Sometimes we get way off course
Surely, from time to time you have read a news story and thought to yourself, “I can’t believe this really happened.” But it did, and you hope it never happens to you. I read such a story this week. It was reported on Yahoo! News, in the daily newspaper El Mundo, and by other sources.
A 67-year-old woman in Hainault Erquelinnes, Belgium, left home to drive about 90 miles to the train station in Brussels to pick up a friend. She entered her destination address in her GPS and started following directions. On her second day of driving, she found herself 900 miles away in Croatia, not at the train station in Brussels.
Whether she entered the wrong address in the GPS or the device was faulty is not known. Whatever happened, she ended up following a route that took her out of Belgium into Germany, then southeast through Germany, Austria, the northeast corner of Slovenia and into Zagreb, Croatia.
She stopped twice for gas, pulled over to the side of the road for a nap, and even had a minor fender bender accident before fully realizing and accepting that she was headed in the wrong direction. She admitted to having had clues that she was going the wrong way.
The woman told El Mundo, “I was distracted, so I kept driving. I saw all kinds of traffic signs, first in French, then German and finally in Croatian, but I kept driving because I was distracted. Suddenly I appeared in Zagreb and I realized I wasn’t in Belgium anymore.”
If we are honest, most of her would admit that we wonder how the woman could possibly go that many miles and that many hours without realizing she was off track and stopping to get straightened out. Certainly, we wouldn’t do that. Right?

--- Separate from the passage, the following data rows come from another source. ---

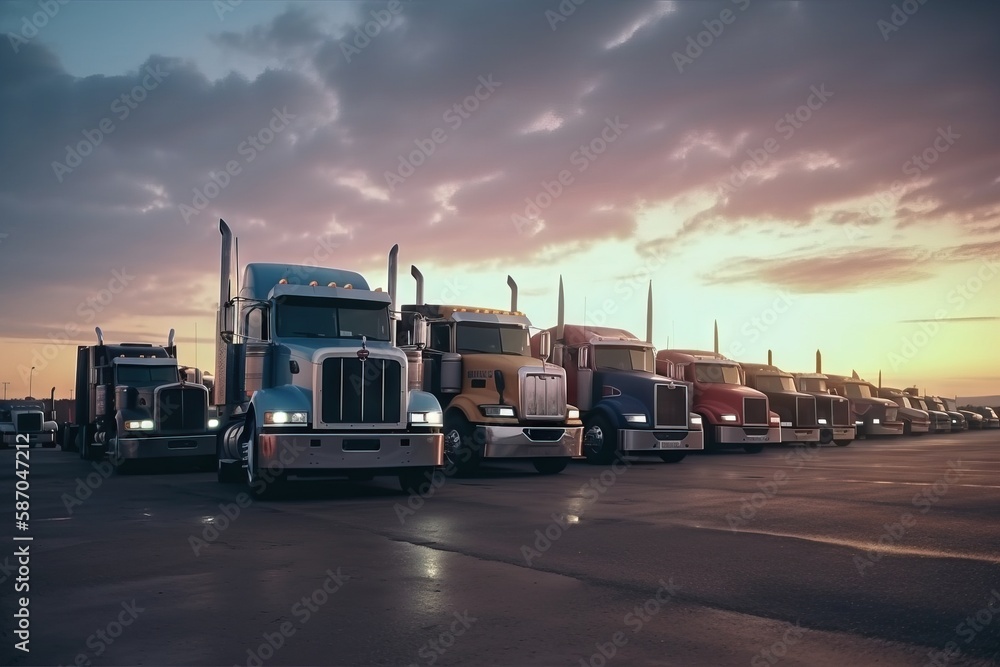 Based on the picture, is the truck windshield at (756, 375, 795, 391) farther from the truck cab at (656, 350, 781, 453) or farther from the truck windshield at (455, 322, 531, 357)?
the truck windshield at (455, 322, 531, 357)

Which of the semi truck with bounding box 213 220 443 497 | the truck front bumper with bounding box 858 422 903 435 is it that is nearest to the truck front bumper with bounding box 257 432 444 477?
the semi truck with bounding box 213 220 443 497

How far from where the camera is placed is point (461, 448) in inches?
721

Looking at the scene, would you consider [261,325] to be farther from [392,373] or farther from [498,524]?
[498,524]

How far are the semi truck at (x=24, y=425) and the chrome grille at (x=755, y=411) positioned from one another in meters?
28.9

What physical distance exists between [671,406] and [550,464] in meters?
4.66

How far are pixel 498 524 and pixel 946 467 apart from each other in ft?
A: 43.6

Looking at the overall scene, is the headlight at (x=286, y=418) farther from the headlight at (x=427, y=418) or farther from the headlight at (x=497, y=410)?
the headlight at (x=497, y=410)

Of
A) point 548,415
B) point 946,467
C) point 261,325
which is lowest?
point 946,467

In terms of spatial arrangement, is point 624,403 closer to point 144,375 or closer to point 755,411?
point 755,411

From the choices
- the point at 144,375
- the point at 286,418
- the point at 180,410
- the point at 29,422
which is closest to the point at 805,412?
the point at 180,410

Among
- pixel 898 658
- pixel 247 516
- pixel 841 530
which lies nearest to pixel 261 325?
pixel 247 516

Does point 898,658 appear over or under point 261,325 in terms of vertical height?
under

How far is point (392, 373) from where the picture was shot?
13812mm

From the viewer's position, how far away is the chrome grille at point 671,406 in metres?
22.4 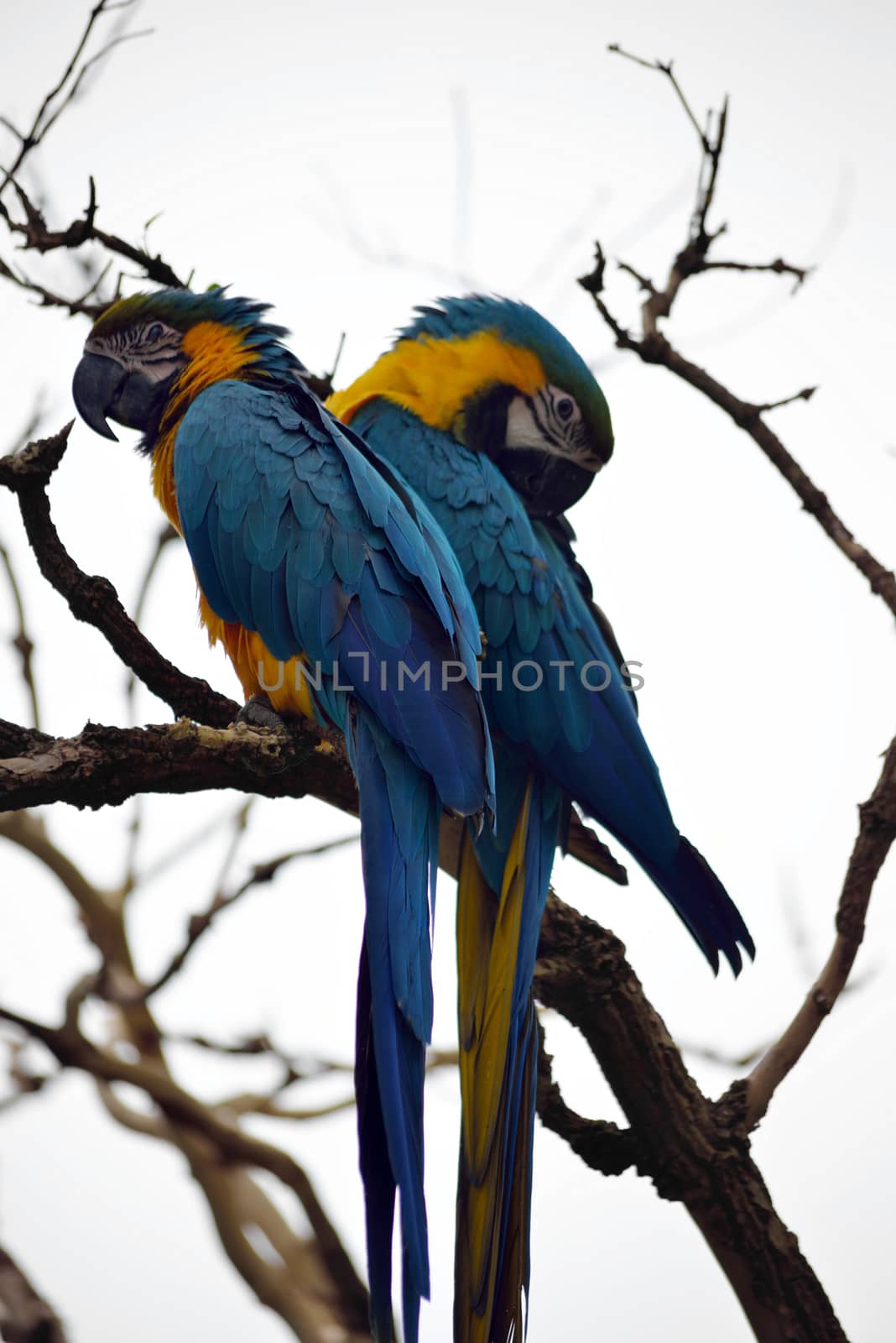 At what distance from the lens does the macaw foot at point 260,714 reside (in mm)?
2393

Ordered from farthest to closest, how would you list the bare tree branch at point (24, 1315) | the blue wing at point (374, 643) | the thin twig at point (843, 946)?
the thin twig at point (843, 946), the bare tree branch at point (24, 1315), the blue wing at point (374, 643)

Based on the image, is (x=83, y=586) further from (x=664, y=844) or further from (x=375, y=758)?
Result: (x=664, y=844)

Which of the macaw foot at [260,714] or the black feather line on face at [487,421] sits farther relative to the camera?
the black feather line on face at [487,421]

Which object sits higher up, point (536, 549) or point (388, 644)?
point (536, 549)

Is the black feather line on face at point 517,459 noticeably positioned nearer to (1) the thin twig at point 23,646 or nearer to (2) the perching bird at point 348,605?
(2) the perching bird at point 348,605

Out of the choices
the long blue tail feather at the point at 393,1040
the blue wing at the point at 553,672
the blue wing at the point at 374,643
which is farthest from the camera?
the blue wing at the point at 553,672

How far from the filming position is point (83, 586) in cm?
204

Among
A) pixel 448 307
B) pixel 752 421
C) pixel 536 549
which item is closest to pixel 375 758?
pixel 536 549

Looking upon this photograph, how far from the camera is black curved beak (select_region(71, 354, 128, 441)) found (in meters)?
2.75

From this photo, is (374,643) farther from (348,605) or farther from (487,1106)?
(487,1106)

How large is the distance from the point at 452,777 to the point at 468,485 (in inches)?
43.8

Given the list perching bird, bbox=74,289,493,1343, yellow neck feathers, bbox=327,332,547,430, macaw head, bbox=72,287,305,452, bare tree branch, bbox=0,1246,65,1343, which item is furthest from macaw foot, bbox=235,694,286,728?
bare tree branch, bbox=0,1246,65,1343

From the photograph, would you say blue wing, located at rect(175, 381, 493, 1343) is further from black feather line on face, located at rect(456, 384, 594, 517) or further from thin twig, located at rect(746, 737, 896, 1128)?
thin twig, located at rect(746, 737, 896, 1128)

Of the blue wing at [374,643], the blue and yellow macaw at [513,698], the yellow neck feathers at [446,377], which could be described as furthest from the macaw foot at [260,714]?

Maybe we wouldn’t do it in our car with our GPS, but some of us might enter wrong information in our spiritual GPS and blindly follow it despite how far off track we get. Just like the woman, we might ignore the many clues along the way and keep on trucking.
If we are oblivious to the clues or choose to ignore them, we can travel a path that clearly leads us away from our faith. If we suspect we have misunderstood our Global Positioning System or have entered wrong information, we check it out. We need to do the same with God’s Positioning System, the Bible. If signs and clues are there that we are off track, the best move is to stop and check our spiritual GPS.
Good point.
Thanks.
Fantastic article Harry!! Interesting, my Bible study today was regarding the same thing. This problem is something I see often.
Thanks for the comment and for reading the blog regularly.